**Task data**.
━━━━━━━━
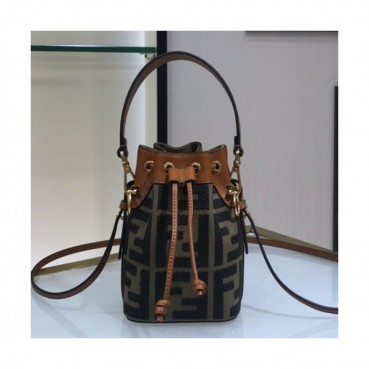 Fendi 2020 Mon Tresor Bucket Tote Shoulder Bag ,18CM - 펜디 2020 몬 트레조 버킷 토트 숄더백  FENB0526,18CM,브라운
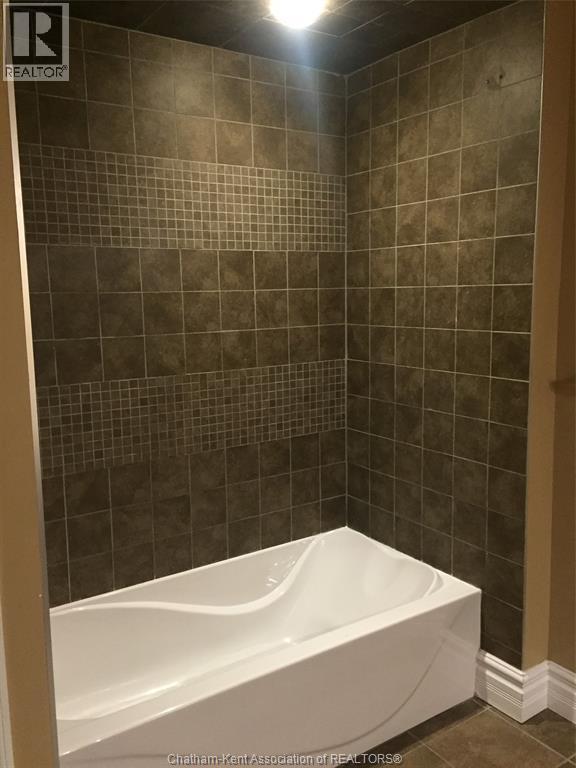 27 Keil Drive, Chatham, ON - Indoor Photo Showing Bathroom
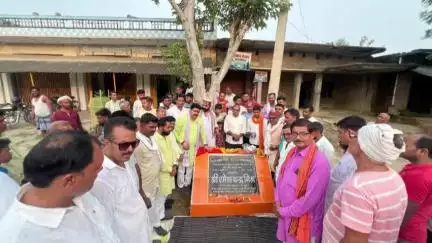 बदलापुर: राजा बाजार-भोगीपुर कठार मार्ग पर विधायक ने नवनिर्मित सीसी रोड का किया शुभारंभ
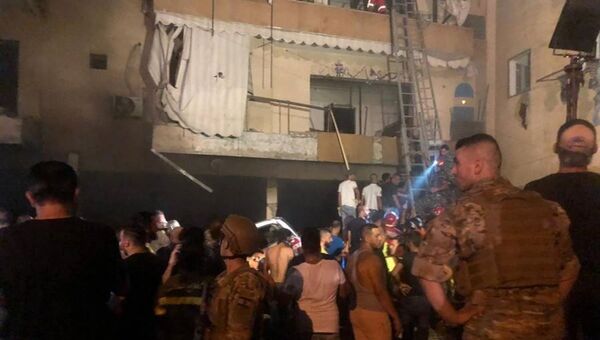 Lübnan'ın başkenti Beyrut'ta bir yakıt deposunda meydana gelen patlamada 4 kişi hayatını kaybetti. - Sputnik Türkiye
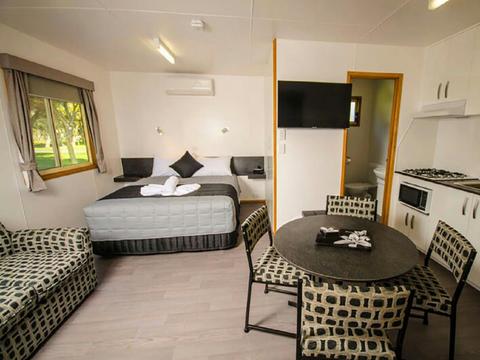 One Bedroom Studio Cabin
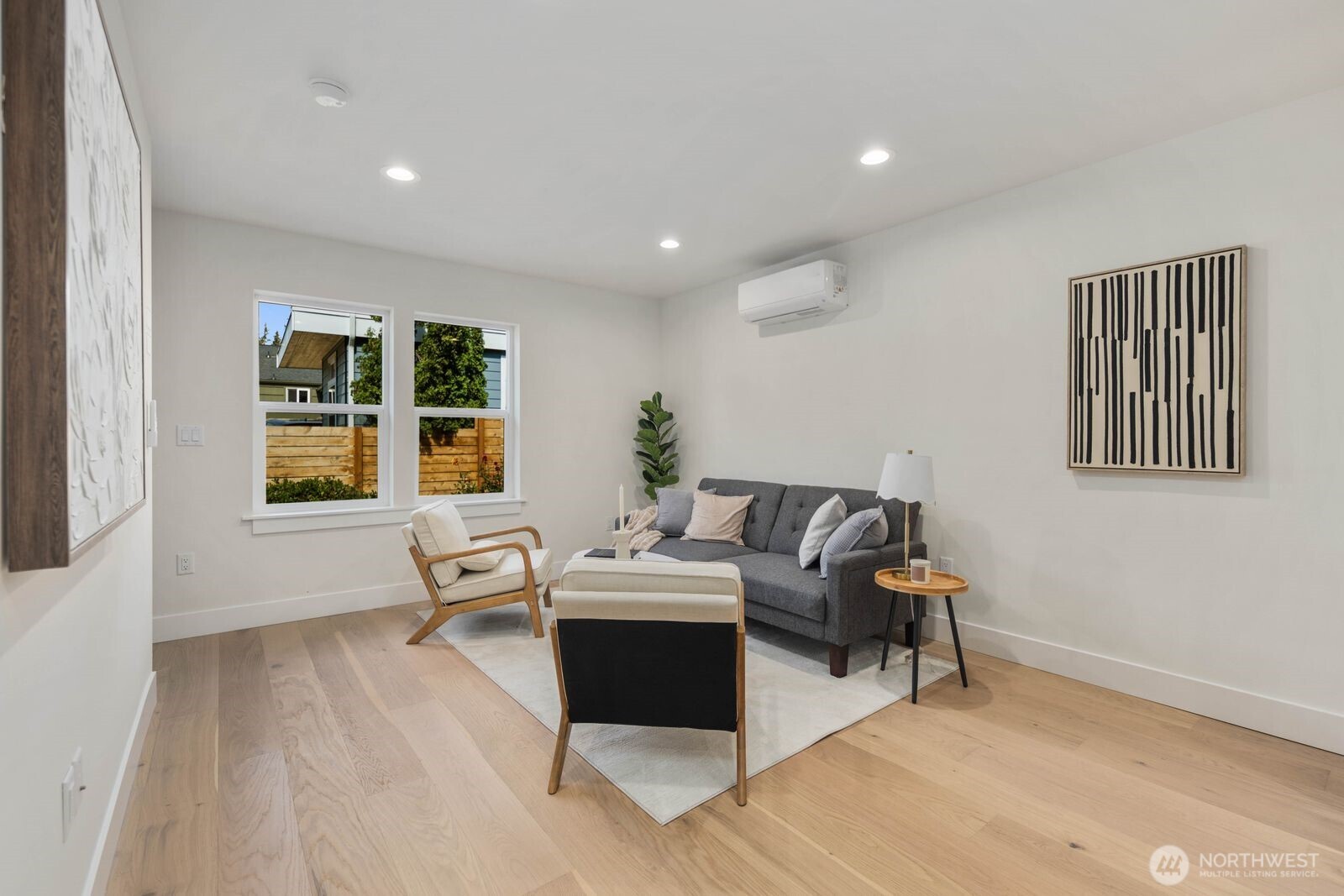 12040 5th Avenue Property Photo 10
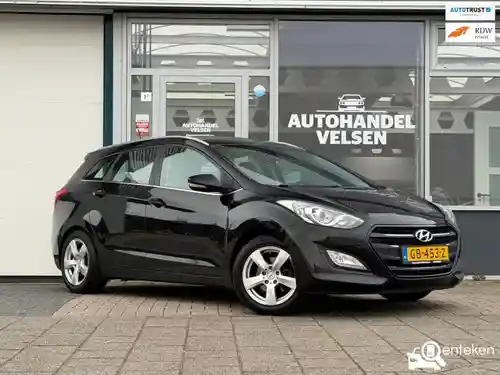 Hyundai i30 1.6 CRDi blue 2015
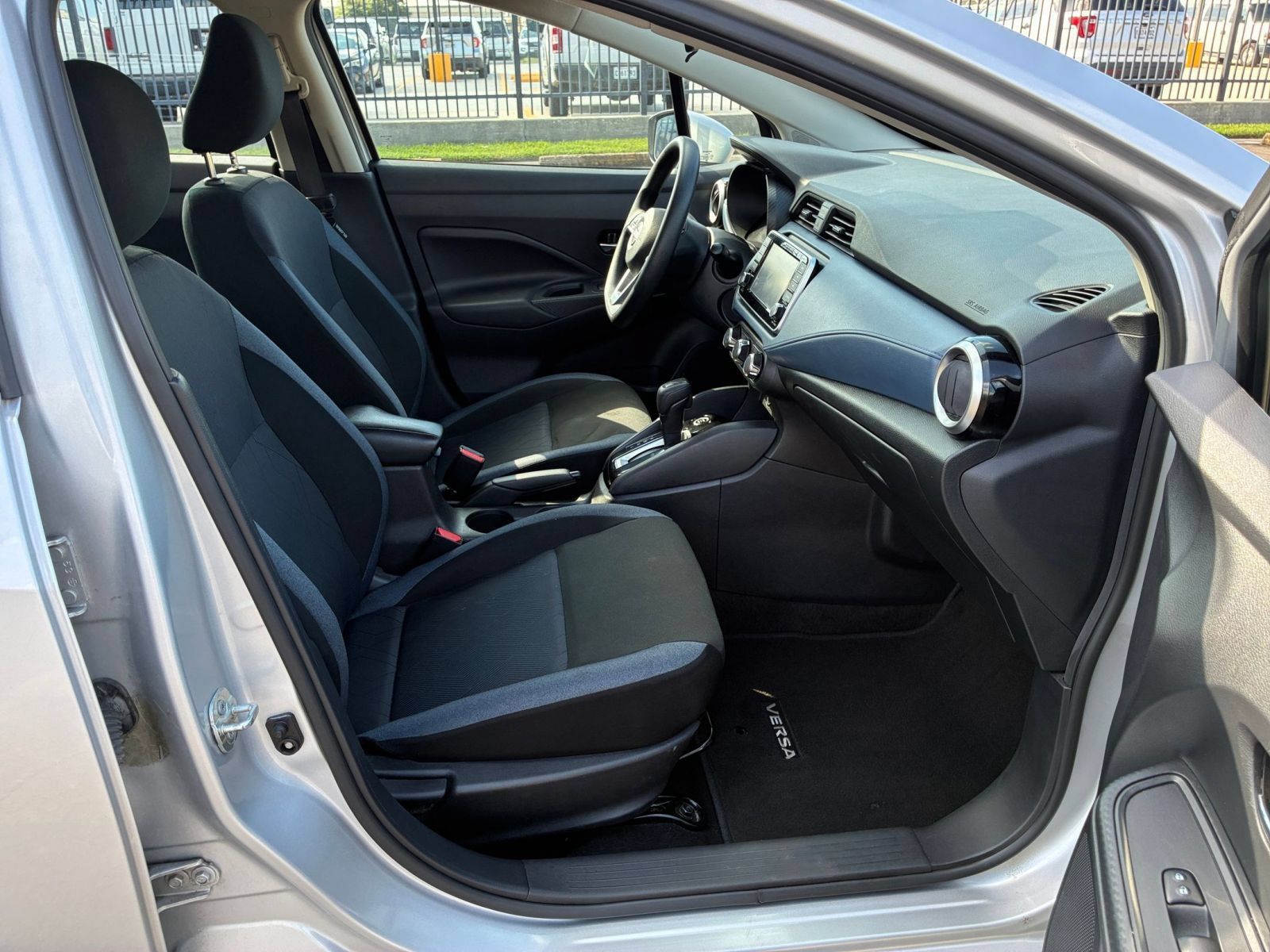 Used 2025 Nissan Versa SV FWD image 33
━━━━━━━━
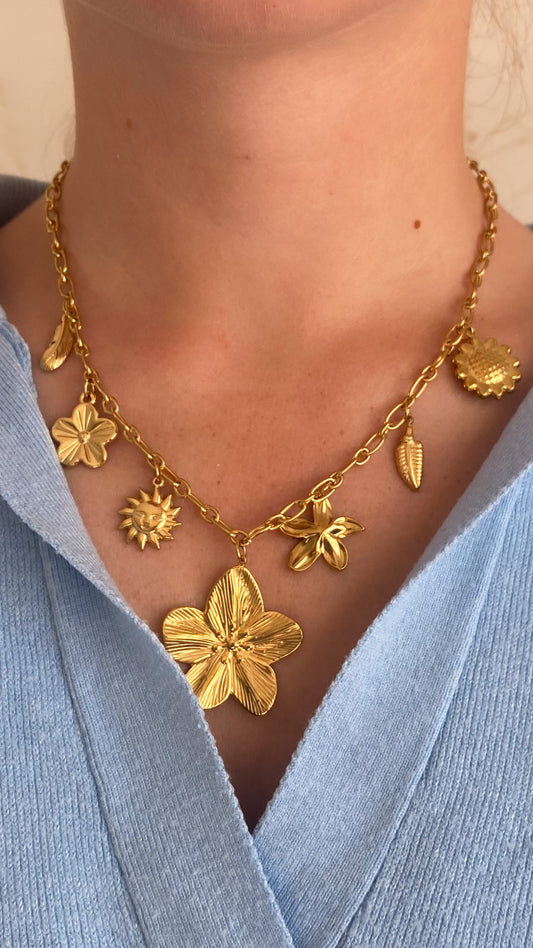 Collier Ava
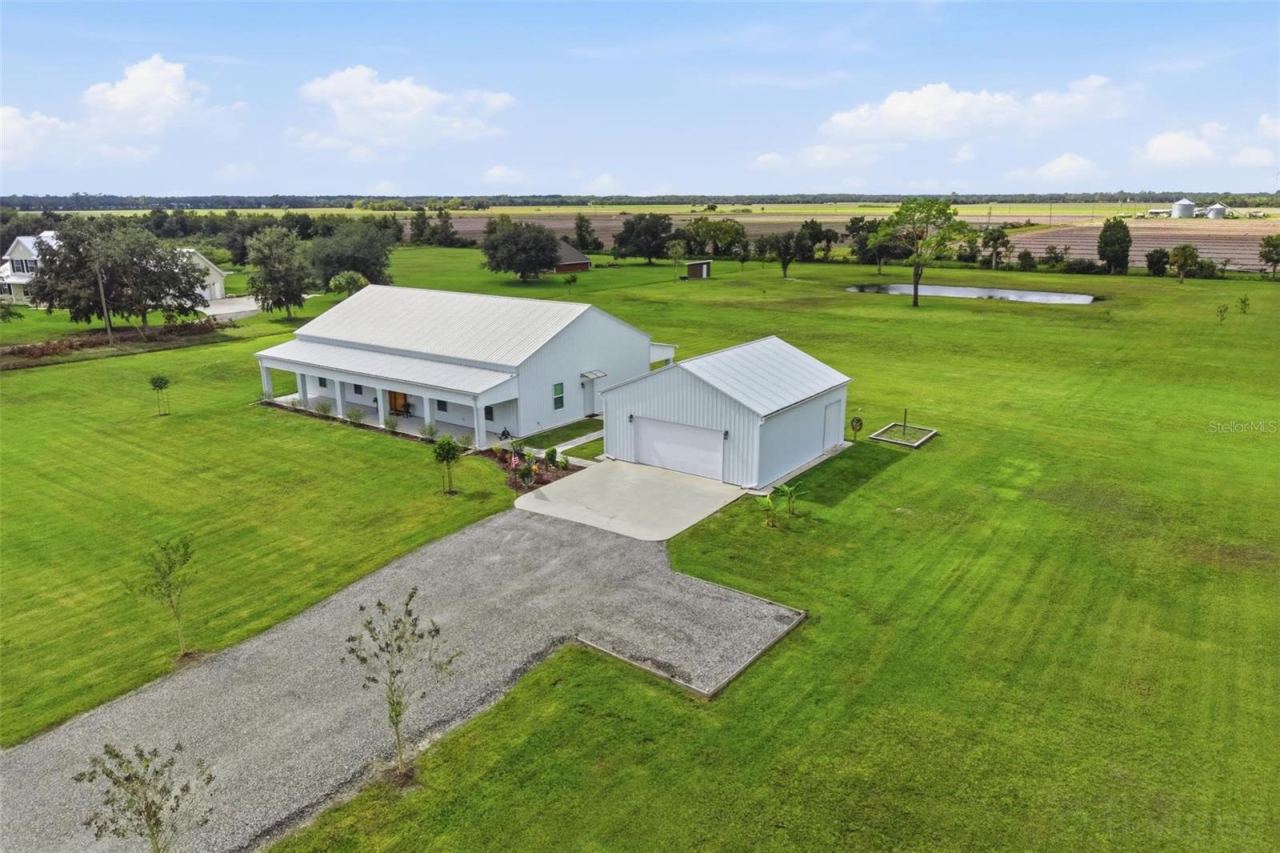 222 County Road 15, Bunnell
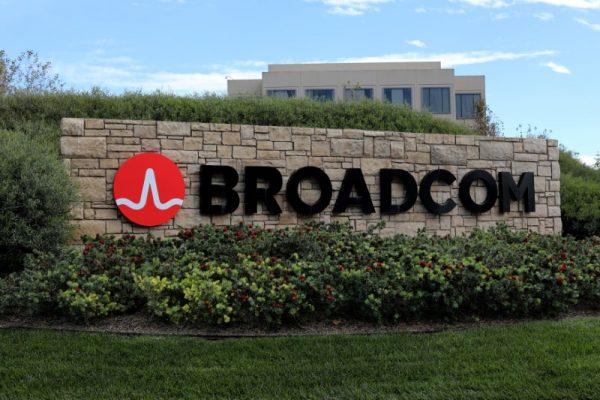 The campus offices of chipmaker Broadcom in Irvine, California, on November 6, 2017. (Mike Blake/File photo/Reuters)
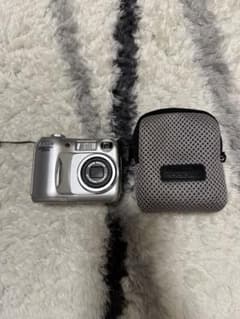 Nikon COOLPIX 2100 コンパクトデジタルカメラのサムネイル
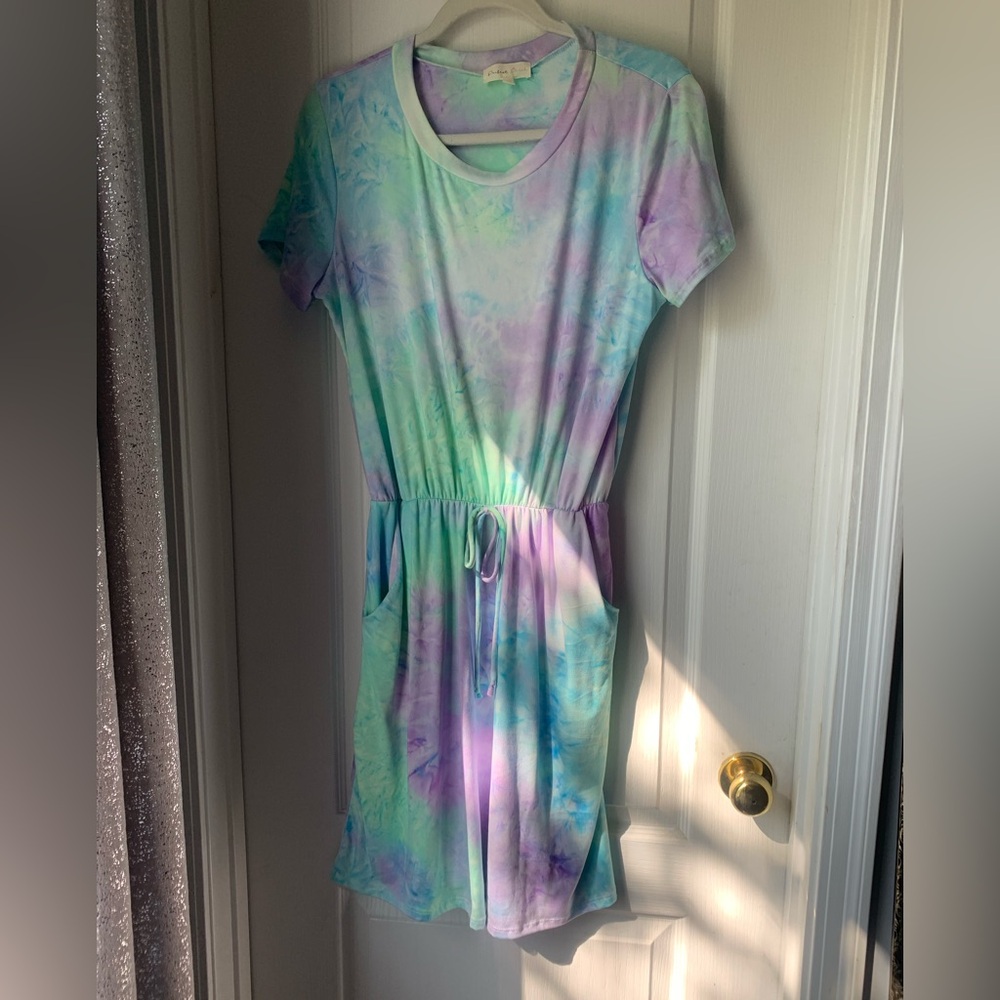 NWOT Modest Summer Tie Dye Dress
━━━━━━━━
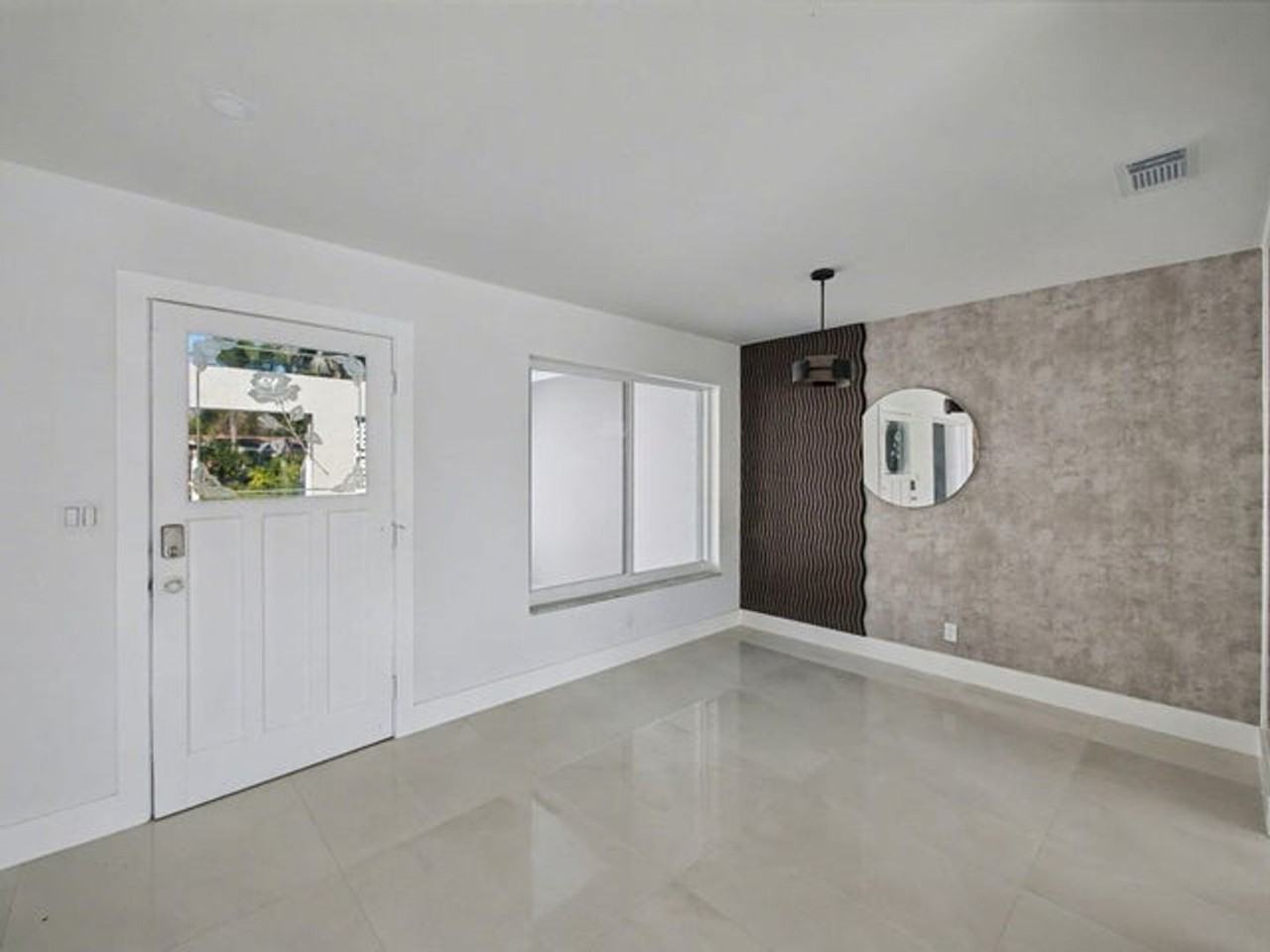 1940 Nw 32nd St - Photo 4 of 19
━━━━━━━━
**What you are asked to do**. Look through the material above. Transcribe exactly the lines between the ones with "27 Keil Drive, Chatham, ON" and "Used 2025 Nissan Versa SV FWD image 33", inclusive, and keep pictures out.

**Exercise answer**.
 27 Keil Drive, Chatham, ON - Indoor Photo Showing Bathroom
 बदलापुर: राजा बाजार-भोगीपुर कठार मार्ग पर विधायक ने नवनिर्मित सीसी रोड का किया शुभारंभ
 Lübnan'ın başkenti Beyrut'ta bir yakıt deposunda meydana gelen patlamada 4 kişi hayatını kaybetti. - Sputnik Türkiye
 One Bedroom Studio Cabin
 12040 5th Avenue Property Photo 10
 Hyundai i30 1.6 CRDi blue 2015
 Used 2025 Nissan Versa SV FWD image 33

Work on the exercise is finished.